Pauw's young Ireland players starved of game time overseas
Struggle of the likes of Toland and Barrett to break through is a concern for Pauw
Tyler Toland: has found it difficult to break into the star-studded Manchester City Women’s side. Photograph: Alex Livesey/Getty Images
Vera Pauw would tot up a fair amount of air miles if she was to keep a personal eye on the form of each member of the Republic of Ireland squad she named last week, with 11 of her players based in England, three in Germany, three in the United States and one in Australia, Portugal and Scotland. That’s some geographical spread.
Only six home-based players, from just two clubs, Peamount United and Shelbourne, were included in the 26-strong squad, among them the former’s Áine O’Gorman who has come out of international retirement at the request of Pauw.
But with the domestic league not starting up again until March 14th, there have been no competitive opportunities for other players to stake their claim for a place in the squad.
On top of that, in the last 18 months alone the league at home has lost a whole bunch of its leading players to clubs abroad, including six from the current squad – Claire O’Riordan (Wexford Youths to MSV Duisburg), Clare Shine (who rejoined Glasgow City from Cork City), Leanne Kiernan (Shelbourne to West Ham), Amber Barrett (Peamount to FC Koln), Chloe Mustaki (Shelbourne to Charlton Athletic) and, last month, the league’s 2019 player of the year Rianna Jarrett left Wexford for Brighton.
Jarrett marked her debut for her new club with two goals in their FA Cup win over Crystal Palace on Tuesday night, a welcome slice of good news for Pauw with two crucial Euro 2021 qualifying games just around the corner, Greece the opponents in Tallaght next Thursday followed by a trip to Montenegro the following Wednesday.
A real concern for Pauw is the lack of game time some of our most gifted young players have been getting since moving to clubs abroad, Barrett’s opportunities at FC Koln having been limited enough and Kiernan finding herself in and out of the West Ham team.
Just a month after turning 16, Toland became the youngest player to represent Ireland at senior level when she made her debut in 2017, the Donegal native opening the scoring for Ireland in the first game of this qualifying campaign, a 2-0 win over Montenegro in Tallaght last September.
Pauw, though, left Toland on the bench, once she took over from Colin Bell, for the 3-2 defeat of Ukraine and the draw away to Greece, and has now dropped her entirely from the squad.
That omission surprised more than a few who had been impressed by the maturity of Toland’s displays in midfield since she was promoted from the under-19s.
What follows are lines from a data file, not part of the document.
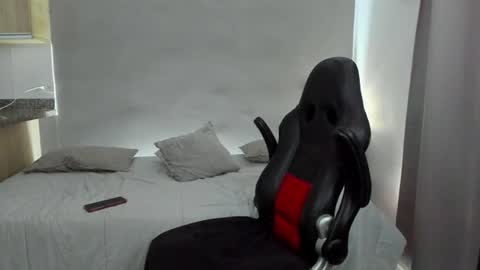 Santiago online show from August 14, 1:04 pm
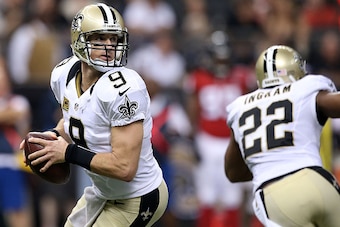 NEW ORLEANS, LA - OCTOBER 15:  Drew Brees #9 of the New Orleans Saints looks to pass during the third quarter of a game against the Atlanta Falcons at the Mercedes-Benz Superdome on October 15, 2015 in New Orleans, Louisiana.  (Photo by Sean Gardner/Getty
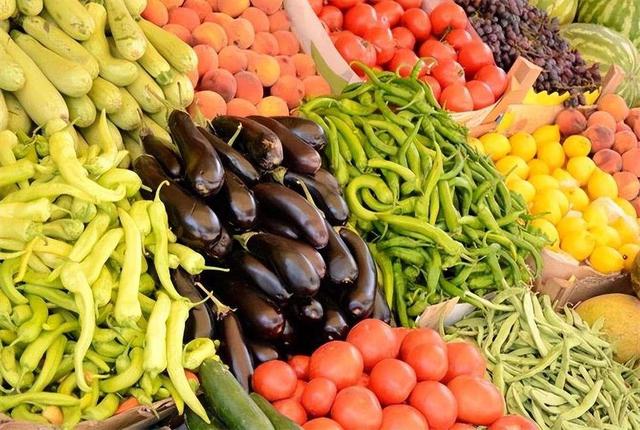 6种蔬菜不建议长期食用，西红柿上榜，榜首或有很多人喜欢吃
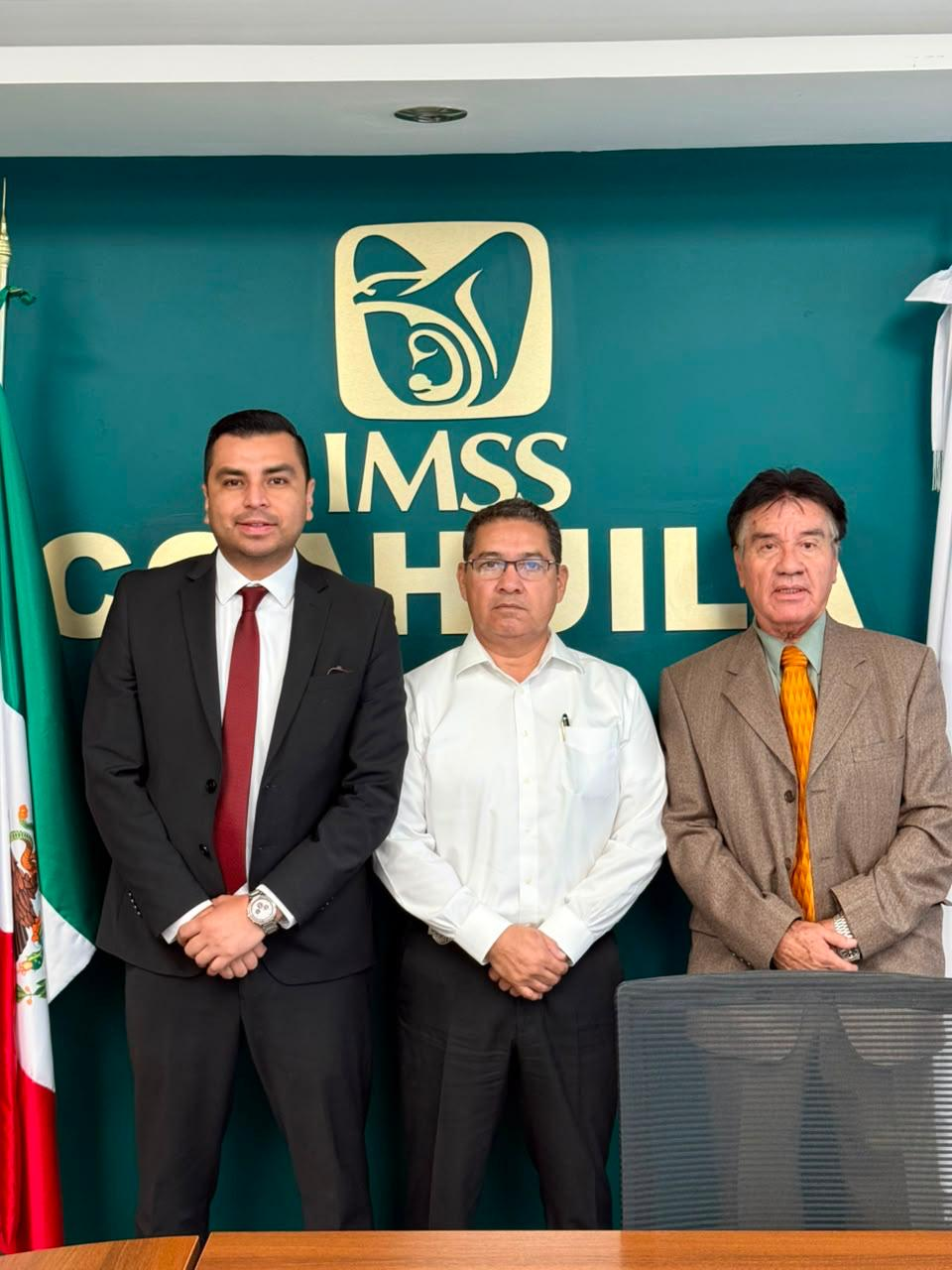 RINDEN PROTESTA NUEVOS INTEGRANTES DEL CONSEJO CONSULTIVO DEL IMSS EN COAHUILA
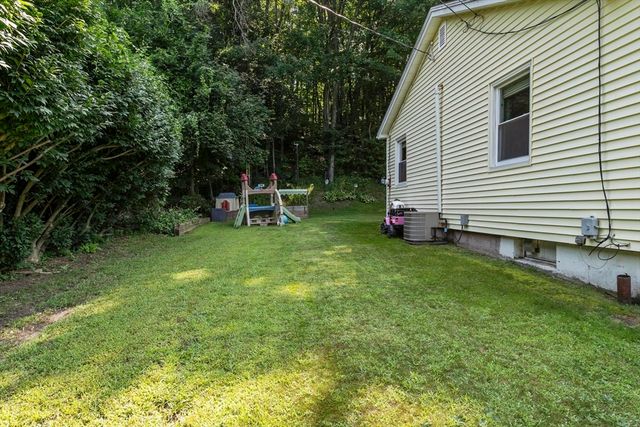 149 North St, East Brookfield, MA 01515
While her opportunities have been limited enough since she joined City, Pauw was off the mark in saying that she had only “played 15 minutes in the first squad” this season – that’s accurate in terms of her league experience, but she has also started a Champions League, FA Cup and League Cup game for City, while at least holding her place on the bench for the bulk of City’s other fixtures this season, when, at just 18, she’s in a squad brimming over with international talent.
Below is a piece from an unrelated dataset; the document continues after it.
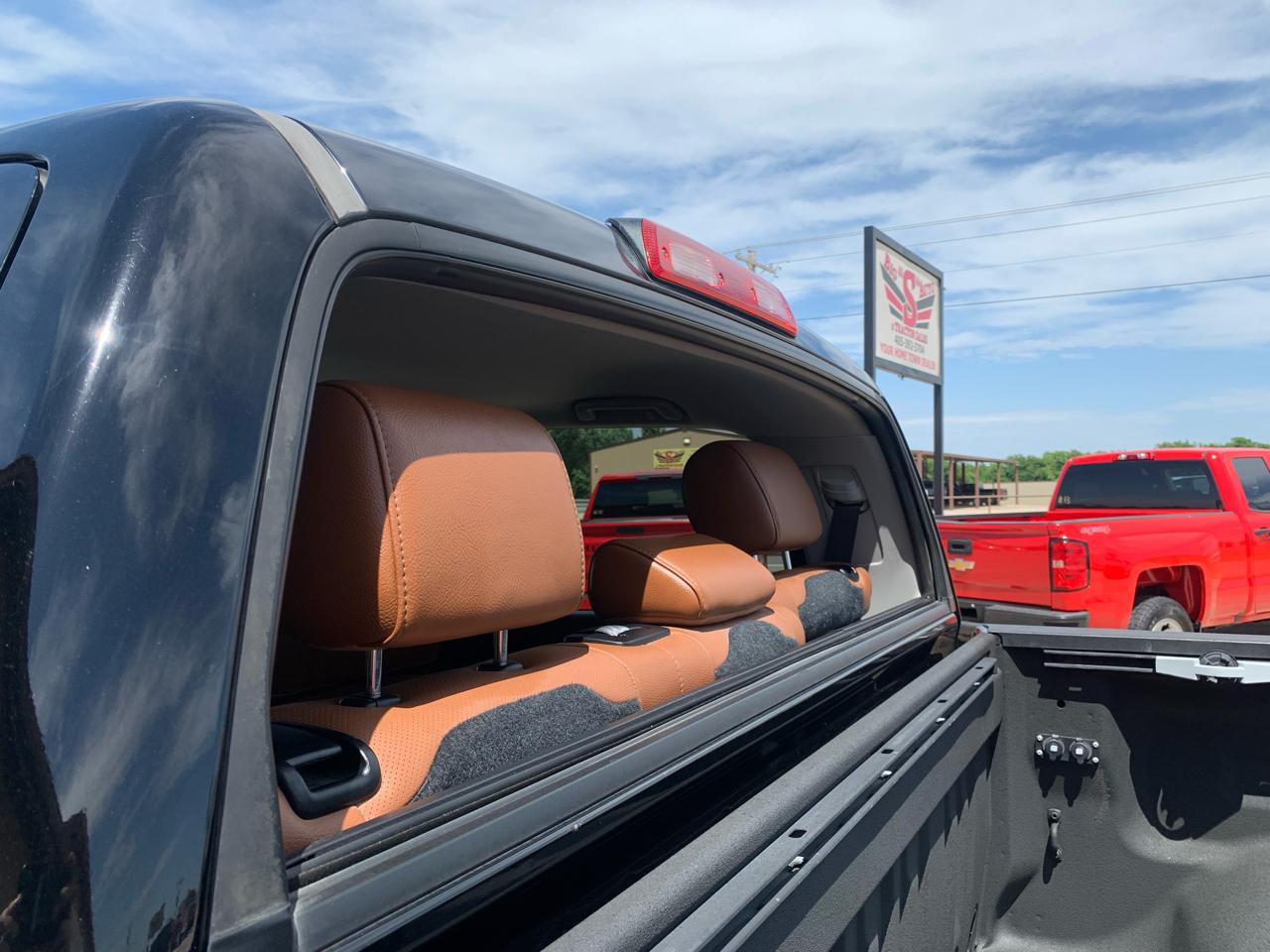 Toyota Tundra 4WD Truck CrewMax 5.7L FFV V8 6-Spd AT LTD (Natl) 2011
In fairness to Pauw, she acknowledged what Toland is up against it at City in her effort to nail down a first team place, suggesting that a loan move might be the best route for her to take, citing the benefits of captain Katie McCabe’s loan spell with Glasgow City when she was struggling to break in to the Arsenal team.
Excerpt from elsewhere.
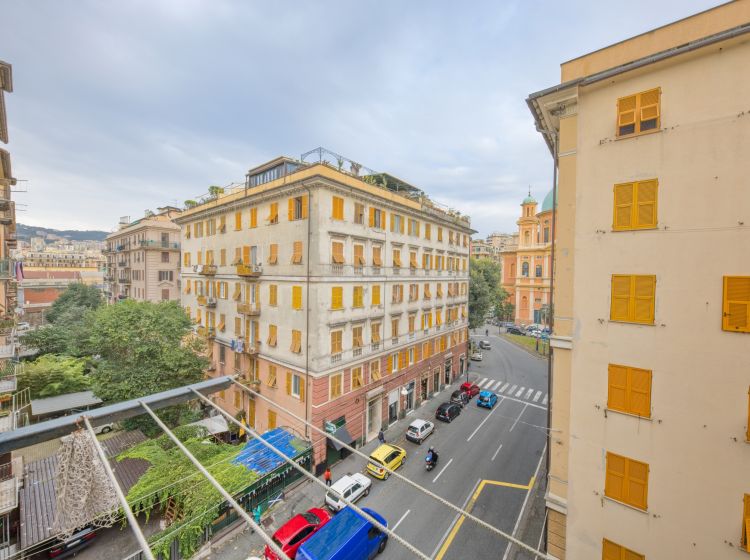 Quadrilocale in vendita, via Giuseppe Casaregis  47, Centro, Genova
But Marie Hourihan, the current Irish goalkeeper who spoke to this paper a few weeks back about her move from England to Portuguese club Braga, disputes the notion that it would be better for the likes of Toland and Barrett to stay in Ireland, where they would be guaranteed regular game time, rather than taking a chance on a move to a major European club.
“I played for Manchester City and I can only tell you what a fantastic club it is and what an opportunity it was for me,” she said.
“I was in a similar position to Tyler in terms of playing time, I didn’t play every week, but without a shadow of a doubt being in that environment and training with those players day in, day out brought me on as a player. I couldn’t begin to tell you how much it improved me.”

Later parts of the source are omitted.